The scene in which Scott takes off with Courtney clinging to the wing switches to a shot of a Travel Air 4U Speedwing fitted with a round cowl over its Comet engine to resemble the Nieuports. Stunt pilots included Leo Nomis, Rupert Symes Macalister, Frank Tomick and Roy Wilson. Several Thomas-Morse S-4 aircraft were used in the 1930 film. The S-4 was an American built fighter aircraft that did not see combat in World War I. Plentiful in 1930, the S-4s were becoming rare by the time the 1938 film was produced, hence the re-use of aircraft sequences from the original film. Some in-flight scenes with principal actors were staged with aircraft hoisted up by wires to a height of 25 feet. Stage hands then rocked the aircraft to simulate flight, but when one of the wires snapped, on screen, Barthelmess appeared startled, unaware that an accident had occurred, and simply thought the swaying aircraft was part of the scene.

==Reception==
===Box office===
According to Warner Bros. records, the film earned $1,061,000 domestically and $563,000 internationally, making it the studio's third biggest hit of the year after Gold Diggers of Broadway and Sally.

===Critical reception===
Studio brass was extremely reluctant to back the release because Hawks had insisted on realistic dialogue that was at odds with the dramatic tone that executives had demanded. Nonetheless, The Dawn Patrol was an "instant success", one of the studio's most profitable films that year. Later critical reviews noted that the "anti-war" message was more prevalent in the original film, although due to the re-titling of Flight Commander, the film is often not as well known as its 1938 remake. The flying sequences, one of the hallmarks of the film, were vividly shot and were easily integrated into the later remake.

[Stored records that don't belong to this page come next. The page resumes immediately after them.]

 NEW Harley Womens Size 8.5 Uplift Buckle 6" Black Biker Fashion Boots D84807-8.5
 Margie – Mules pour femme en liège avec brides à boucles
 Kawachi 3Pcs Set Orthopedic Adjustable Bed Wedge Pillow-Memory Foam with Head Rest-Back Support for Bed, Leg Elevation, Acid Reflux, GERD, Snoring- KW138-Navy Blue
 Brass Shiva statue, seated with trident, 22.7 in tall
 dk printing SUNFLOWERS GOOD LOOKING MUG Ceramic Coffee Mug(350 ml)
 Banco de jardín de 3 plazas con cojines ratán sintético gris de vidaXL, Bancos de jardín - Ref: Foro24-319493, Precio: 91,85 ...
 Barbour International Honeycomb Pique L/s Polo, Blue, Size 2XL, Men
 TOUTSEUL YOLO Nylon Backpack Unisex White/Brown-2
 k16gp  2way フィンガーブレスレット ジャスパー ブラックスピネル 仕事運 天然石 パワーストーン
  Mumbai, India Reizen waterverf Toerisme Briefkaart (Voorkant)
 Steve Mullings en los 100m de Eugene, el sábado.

In 2025, The Hollywood Reporter listed The Dawn Patrol as having the best stunts of 1929 to 1930.

===Awards and honors===
Despite the controversy over the origin of the screenplay for The Dawn Patrol, in 1931, Saunders won an Academy Award for Best Writing, Screenplay.

The aerial sequences from The Dawn Patrol had a remarkably long lifespan, appearing not only in The Dawn Patrol (1938) but also in British Intelligence (1940).

==Preservation status==
When the Warner Bros. film catalog was sold, The Dawn Patrol aired on television and from Associated Artists Productions, in its retitled form, as Flight Commander. The original title frames were discarded and the redrawn titles are on all known prints of the film.

==Remake==

The film was remade in 1938 as a vehicle for Errol Flynn, replacing Barthelmess in the lead, rather than reissuing the original as planned. David Niven took Fairbanks, Jr.'s role and Basil Rathbone was cast in the role played by Neil Hamilton.

Much of the flying sequences from the 1930 film, with several of the close-ups of the fighter aircraft, were re-use for the 1938 movie, so as to save expense without having to search for or build new World War I era aircraft, but also due to the original sequences being expertly shot by Ernest Haller and Elmer Dyer. All of the film of the munitions depot explosions were also edited into the remake with no changes. When the 1938 version was released, the 1930 film was retitled Flight Commander, Saunder's original title for the project, to differentiate it from its 1938 remake.

==In popular culture==
A novelization of the 1930 film, also titled The Dawn Patrol, was written by Guy Fowler and published by Grosset & Dunlap in 1930. Warner Bros. also released two Looney Tunes cartoons parodying this film. Bosko appeared in Dumb Patrol (1931) and 33 years later, in 1964, Bugs Bunny and Yosemite Sam appeared in a second cartoon spoof that was also called Dumb Patrol.